On Fri, 20 Jun 2008, Christopher Faylor wrote:

> On Fri, Jun 20, 2008 at 12:49:21PM -0400, Larry Hall (Cygwin) wrote:
> > Mark J. Reed wrote:
        [...]
> Actually, it already exists:
> http://sourceware.org/bugzilla/enter_bug.cgi?product=cygwin .
> 
> But I don't know how often setup.exe developers check it.

Maybe a mail to this list could be triggered by it?  Then you'd get
stuff in the mail archive where developers traditionally expect it, but
you'd also have something more searchable.  [Sorry, that's a suggestion
with no supplied implementation, but I've never looked at bugzilla code.]
> 
> I don't know what adding a bugzilla entry with an RFE for search inside
> of setup.exe is going to accomplish given that no one is a programmer
> and, if they are a programmer, they don't implicitly understand the
> setup code base however.

If that's in response to my comments, I believe you have inflated
them: it is not that *nobody* is a programmer, it is that *many* of
the users are not.  But, yes, this is a weaker form of help than
getting dedicated programmers.

        [...]
> Should we be spending a lot of time educating people about this so that
> they can give ever-more-informed suggestions without ever stepping up to
> help?

Clearly not a lot of time, and yes there are diminishing returns.
> 
> The thing that never seems to be understood in these merry-go-round
> discussions is that very few of us are insightful geniuses who have
> innovative new ideas for improving setup.exe.  The suggestions are
> by-and-large obvious.  In general, the developers have all of these
> ideas and more, if for no other reason, than they've been here longer
> and have been thinking about the problem at some depth.

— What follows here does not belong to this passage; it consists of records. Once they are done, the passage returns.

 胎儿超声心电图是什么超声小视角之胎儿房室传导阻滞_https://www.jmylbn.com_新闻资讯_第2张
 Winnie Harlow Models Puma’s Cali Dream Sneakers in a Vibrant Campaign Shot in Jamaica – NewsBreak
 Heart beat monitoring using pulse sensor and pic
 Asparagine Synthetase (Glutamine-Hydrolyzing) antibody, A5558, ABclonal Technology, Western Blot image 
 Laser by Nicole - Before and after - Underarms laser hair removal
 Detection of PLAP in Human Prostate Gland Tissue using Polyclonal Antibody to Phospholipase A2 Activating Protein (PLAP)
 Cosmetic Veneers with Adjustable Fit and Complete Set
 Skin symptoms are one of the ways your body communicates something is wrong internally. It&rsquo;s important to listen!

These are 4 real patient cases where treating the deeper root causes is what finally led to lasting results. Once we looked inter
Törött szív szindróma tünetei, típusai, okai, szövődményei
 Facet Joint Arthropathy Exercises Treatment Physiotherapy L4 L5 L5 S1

True, there are a severe lack of geniuses. But there are people who,
because they are not programmers, have spent their time gaining
expertise in design and in human factors, who could make useful
suggestions.  Closing the discussion off to only developers excludes
them.  Also, this feels a little bit like the argument apocryphally
made at the end of the 19th century, that soon the patent office
would have to close "because everything has been invented". ;-)
Lateral thinking developed partly because sometimes being outside
the problem gives you a perspective that those inside it don't have.

> 
> So, why isn't setup.exe better?  It in't because we stubbornly don't
> like to make changes.  It is because no one has the time or inclination
> to put man months of effort into introducing new functionality.
> 
> In projects which have a healthy number of developers, getting people to
> do work is an issue of finding someone with an itch to scratch.  In

Principally, yes, but that isn't the whole story, see below.
        [...]
> 
> Predictions of doom because suggestions aren't warmly received and vowed
> to be acted upon miss several points.  The project doesn't succeed
> because Anissa-Random-User decides to grace us with a suggestion.  It
> succeeds because people find it useful.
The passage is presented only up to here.